Définition du comportement cible

Le comportement cibleest utilisé dans l’Analyse Appliquée du Comportement (AAC) pour appliquer les principes du conditionnement opérant et classique afin de modifier un comportement.

Il s’agit du comportement que vous souhaitez modifier, éliminer, remplacer ou changer.

Il est important de définir clairement le comportement cible avant de mettre en œuvre une intervention de modification du comportement en AAC. Cette définition, appelée définition opérationnelle, décrit le comportement de manière observable et mesurable, et devrait inclure une étiquette, une définition, des exemples et des contre-exemples.
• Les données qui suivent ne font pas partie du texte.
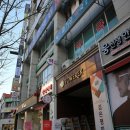 탄방길작은도서관 이미지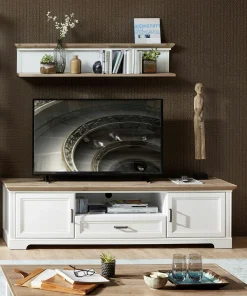 TV-Unterteil JASMIN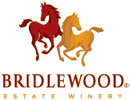 Bridlewood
Voici quelques éléments à prendre en compte lors de la définition d’un comportement cible :

  • Spécifique : le comportement doit être précis et clairement défini.
  • Observable : il doit être possible de constater le comportement en question.
  • Terminologie mesurable : la définition opérationnelle doit permettre de mesurer le comportement.
  • Accord inter-observateurs : deux personnes observant indépendamment le comportement doivent être d’accord sur le moment où le comportement se produit (et ne se produit pas).

En respectant ces critères, vous pouvez définir efficacement le comportement cible pour une intervention en AAC.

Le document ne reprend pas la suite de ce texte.